The low rate of return from Social Security may not be important to the wealthy who have alternative ways to save for their retirement. But for the millions of elderly who depend nearly exclusively on Social Security for their retirement income, it is a disaster. Despite Social Security benefits, nearly 13 percent of all elderly people still live in poverty; nearly 40 percent of elderly widows and nearly 30 percent of elderly African-American women live in poverty.

Indeed, African-Americans fare particularly badly under Social Security. Because the total amount of Social Security benefits people receive depends in large part on how long they live, those groups in our Society such as low-income workers and African-Americans, who have lower life expectancies, receive a disproportionately poor rate of return. For that reason, the RAND Corporation, among others, has concluded that Social Security transfers money from blacks to whites and from the poor to the rich. That is not in the Trustees’ Report, but it is a very real problem that demands congressional attention.

And perhaps most important, the Trustees’ Report says nothing about the fact that Americans still have no legal right to their benefits. The Supreme Court has ruled that Social Security payroll taxes are not contributions to a retirement fund but a simple tax, and therefore we have no right to Social Security benefits. That means that people who work hard all their lives, pay Social Security taxes (three out of four Americans pay more in Social Security taxes than in federal income taxes) and play by the rules must go hat in hand to the government when they retire and hope they’ll get some money to live on. They don’t own their contributions to Social Security. Their benefits are dependent on the whims of 535 politicians in Washington.

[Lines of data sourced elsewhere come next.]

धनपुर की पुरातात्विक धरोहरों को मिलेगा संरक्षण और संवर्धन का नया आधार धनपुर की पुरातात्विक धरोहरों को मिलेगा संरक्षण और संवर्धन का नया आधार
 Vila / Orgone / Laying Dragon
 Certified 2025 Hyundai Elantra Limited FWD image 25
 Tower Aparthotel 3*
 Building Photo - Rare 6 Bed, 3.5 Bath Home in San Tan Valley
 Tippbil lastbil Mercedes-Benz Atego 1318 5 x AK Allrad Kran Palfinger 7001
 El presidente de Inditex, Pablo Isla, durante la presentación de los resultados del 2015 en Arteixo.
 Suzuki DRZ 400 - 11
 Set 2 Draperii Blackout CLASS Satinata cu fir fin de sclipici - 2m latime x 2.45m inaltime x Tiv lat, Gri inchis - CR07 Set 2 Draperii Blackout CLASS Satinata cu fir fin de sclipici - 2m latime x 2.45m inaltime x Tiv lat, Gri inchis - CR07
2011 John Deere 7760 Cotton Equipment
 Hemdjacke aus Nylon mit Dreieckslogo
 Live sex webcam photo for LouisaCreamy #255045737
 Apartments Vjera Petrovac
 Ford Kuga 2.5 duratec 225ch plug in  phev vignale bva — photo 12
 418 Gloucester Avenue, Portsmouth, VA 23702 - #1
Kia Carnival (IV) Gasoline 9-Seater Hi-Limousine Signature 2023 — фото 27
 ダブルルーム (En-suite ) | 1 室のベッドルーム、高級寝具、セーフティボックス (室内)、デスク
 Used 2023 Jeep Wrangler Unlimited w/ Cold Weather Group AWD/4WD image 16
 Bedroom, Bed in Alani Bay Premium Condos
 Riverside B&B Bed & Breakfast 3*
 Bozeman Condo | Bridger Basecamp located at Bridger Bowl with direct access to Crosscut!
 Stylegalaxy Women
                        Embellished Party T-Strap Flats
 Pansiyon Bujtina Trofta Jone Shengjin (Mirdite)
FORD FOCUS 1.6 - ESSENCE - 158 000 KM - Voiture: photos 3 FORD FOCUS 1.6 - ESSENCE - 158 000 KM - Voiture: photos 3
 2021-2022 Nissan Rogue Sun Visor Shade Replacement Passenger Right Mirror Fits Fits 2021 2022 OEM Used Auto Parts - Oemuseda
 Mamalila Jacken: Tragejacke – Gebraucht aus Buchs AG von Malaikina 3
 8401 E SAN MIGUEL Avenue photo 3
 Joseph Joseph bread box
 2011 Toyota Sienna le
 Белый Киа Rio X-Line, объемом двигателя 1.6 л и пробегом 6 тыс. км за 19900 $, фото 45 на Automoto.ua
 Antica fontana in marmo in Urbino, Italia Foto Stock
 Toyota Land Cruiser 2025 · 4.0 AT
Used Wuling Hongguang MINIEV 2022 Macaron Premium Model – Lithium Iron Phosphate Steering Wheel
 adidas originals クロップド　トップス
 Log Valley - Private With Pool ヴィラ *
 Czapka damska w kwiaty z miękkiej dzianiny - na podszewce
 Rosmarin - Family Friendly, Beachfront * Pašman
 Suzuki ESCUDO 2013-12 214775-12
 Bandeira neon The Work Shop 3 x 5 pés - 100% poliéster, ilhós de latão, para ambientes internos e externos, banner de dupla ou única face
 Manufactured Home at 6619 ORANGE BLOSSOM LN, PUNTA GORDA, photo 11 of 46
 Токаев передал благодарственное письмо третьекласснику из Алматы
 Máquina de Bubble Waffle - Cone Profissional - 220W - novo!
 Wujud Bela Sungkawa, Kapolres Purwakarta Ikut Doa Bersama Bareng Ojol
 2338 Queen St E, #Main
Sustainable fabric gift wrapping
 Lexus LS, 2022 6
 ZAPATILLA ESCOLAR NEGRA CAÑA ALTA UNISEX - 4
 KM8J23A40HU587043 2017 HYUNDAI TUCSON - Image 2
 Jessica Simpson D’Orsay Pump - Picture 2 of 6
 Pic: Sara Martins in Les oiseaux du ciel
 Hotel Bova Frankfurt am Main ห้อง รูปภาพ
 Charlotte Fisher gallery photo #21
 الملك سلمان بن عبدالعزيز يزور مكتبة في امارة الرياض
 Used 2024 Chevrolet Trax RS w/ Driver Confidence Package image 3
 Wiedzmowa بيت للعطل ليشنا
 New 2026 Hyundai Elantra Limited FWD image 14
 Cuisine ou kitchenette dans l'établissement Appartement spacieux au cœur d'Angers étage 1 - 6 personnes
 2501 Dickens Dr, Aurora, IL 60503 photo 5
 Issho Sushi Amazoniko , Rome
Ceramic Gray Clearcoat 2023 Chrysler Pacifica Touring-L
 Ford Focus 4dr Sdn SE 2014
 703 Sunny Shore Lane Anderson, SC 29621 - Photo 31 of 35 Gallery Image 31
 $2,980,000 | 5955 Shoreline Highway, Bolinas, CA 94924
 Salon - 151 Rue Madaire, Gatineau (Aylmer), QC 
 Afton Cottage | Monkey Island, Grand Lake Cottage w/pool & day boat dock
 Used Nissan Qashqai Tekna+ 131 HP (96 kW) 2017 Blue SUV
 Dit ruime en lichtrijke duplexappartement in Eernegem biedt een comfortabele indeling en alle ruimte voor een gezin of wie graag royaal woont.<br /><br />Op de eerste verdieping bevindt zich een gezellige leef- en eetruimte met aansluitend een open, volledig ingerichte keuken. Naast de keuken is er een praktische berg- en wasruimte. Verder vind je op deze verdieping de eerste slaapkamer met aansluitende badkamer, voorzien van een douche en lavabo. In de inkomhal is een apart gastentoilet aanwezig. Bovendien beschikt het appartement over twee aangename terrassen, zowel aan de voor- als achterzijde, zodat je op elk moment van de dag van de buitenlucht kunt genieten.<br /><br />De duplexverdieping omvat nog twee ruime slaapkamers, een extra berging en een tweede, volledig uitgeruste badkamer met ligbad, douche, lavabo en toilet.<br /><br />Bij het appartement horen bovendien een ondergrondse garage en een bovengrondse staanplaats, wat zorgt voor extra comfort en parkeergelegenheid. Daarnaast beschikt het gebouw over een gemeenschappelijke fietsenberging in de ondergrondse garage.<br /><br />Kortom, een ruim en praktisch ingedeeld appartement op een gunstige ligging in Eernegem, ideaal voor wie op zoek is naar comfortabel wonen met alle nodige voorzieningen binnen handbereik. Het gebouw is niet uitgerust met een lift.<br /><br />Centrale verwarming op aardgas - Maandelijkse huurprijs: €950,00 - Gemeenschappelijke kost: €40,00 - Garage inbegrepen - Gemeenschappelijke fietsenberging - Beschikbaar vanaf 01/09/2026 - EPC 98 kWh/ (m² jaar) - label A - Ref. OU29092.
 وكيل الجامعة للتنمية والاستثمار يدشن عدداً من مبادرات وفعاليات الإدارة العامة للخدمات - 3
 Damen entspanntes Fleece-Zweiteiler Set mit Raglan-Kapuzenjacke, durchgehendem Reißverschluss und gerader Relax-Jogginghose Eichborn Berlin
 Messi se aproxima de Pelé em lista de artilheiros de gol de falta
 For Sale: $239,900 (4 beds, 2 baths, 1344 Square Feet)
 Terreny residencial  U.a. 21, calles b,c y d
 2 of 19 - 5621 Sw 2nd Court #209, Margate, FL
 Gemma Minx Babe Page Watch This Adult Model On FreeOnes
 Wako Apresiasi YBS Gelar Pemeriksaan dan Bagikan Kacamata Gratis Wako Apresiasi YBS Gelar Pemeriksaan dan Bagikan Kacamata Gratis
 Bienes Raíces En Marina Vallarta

Ultimately the case for Social Security reform is not based on the date two lines will hypothetically cross on a graph. It is based on the fundamental unfairness of a system that forces Americans to pay huge amounts of their incomes into a system that guarantees them a poor rate of return, leaves millions of seniors in poverty, discriminates against minorities and recognizes no legal ownership rights.

Congress would be well advised to put the Trustees Report away and get down to the serious work of transforming Social Security to a new program of individually owned, privately invested accounts. The American people can’t afford a delay.